┌─ GIVEN INFORMATION

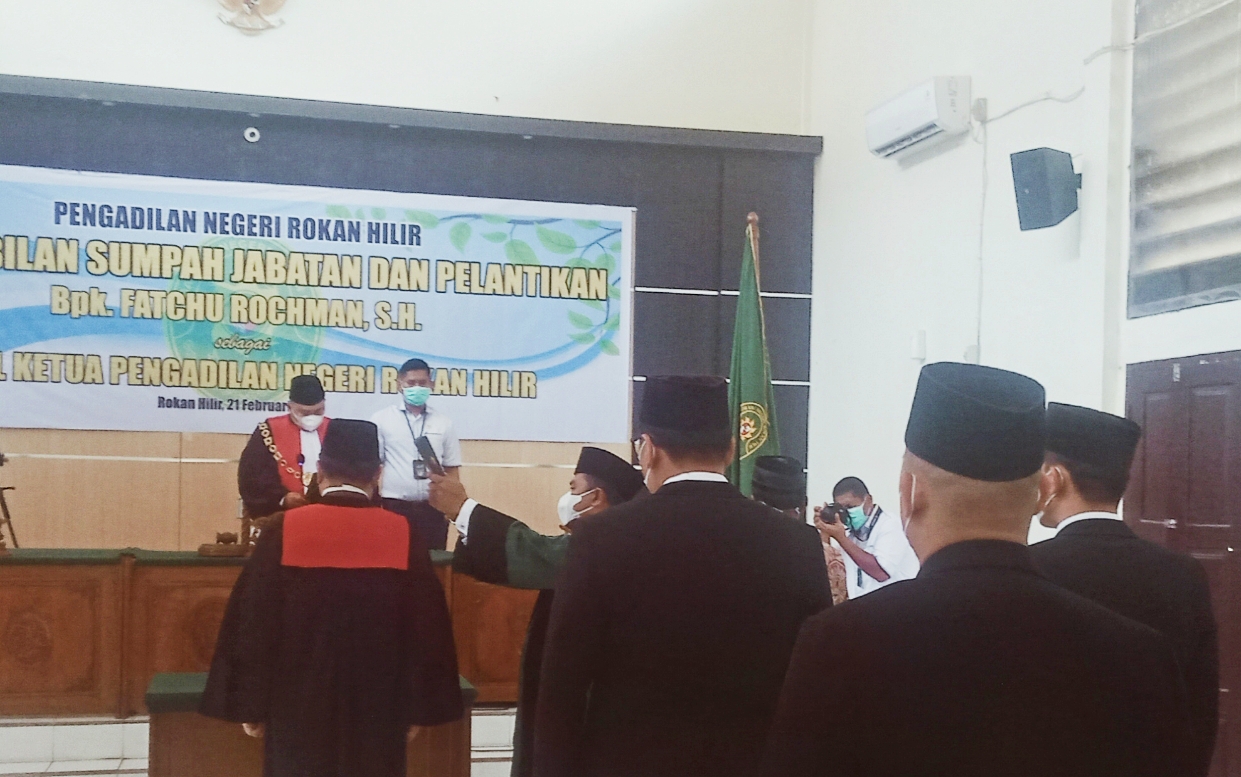 Ketua PN Rohil Yang Mulia Andry Simbolon SH MH Melantik Wakil Ketua PN Rohil Yang Baru 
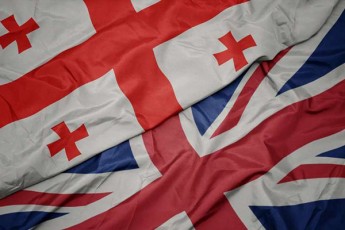 britaneTis-saelCo-Zaladoba-LGBT-Temis-mimarT-muqara-da-Jurnalistebze-Tavdasxma-azianebs-saqarTvelos-rogorc-tolerantuli-da-stumarTmoyvare-qveynis-reputacias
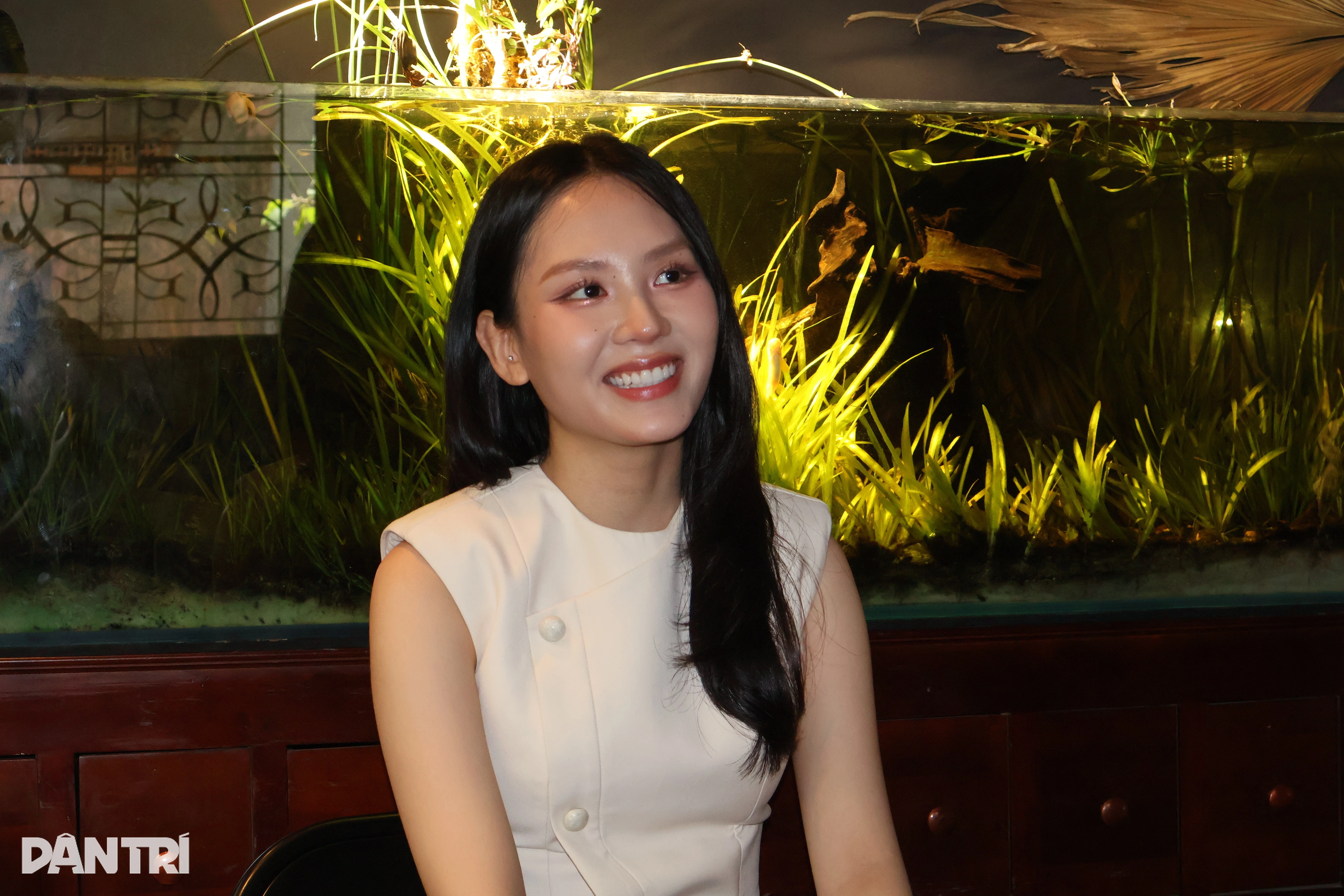 Hoa hậu Mai Phương tuổi 27: Áp lực đồng trang lứa, thấy có lỗi với bố mẹ - Hình 1
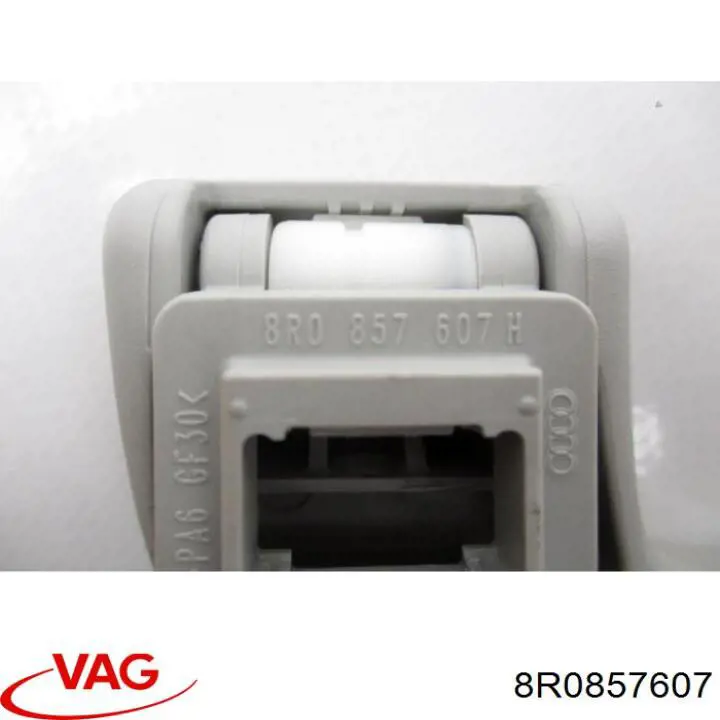 8R0857607 VAG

└─

[TASK DIRECTIONS] Repeat the material above exactly; pictures do not belong in the copy.

[EXERCISE ANSWER]
 Ketua PN Rohil Yang Mulia Andry Simbolon SH MH Melantik Wakil Ketua PN Rohil Yang Baru 
 britaneTis-saelCo-Zaladoba-LGBT-Temis-mimarT-muqara-da-Jurnalistebze-Tavdasxma-azianebs-saqarTvelos-rogorc-tolerantuli-da-stumarTmoyvare-qveynis-reputacias
 Hoa hậu Mai Phương tuổi 27: Áp lực đồng trang lứa, thấy có lỗi với bố mẹ - Hình 1
 8R0857607 VAG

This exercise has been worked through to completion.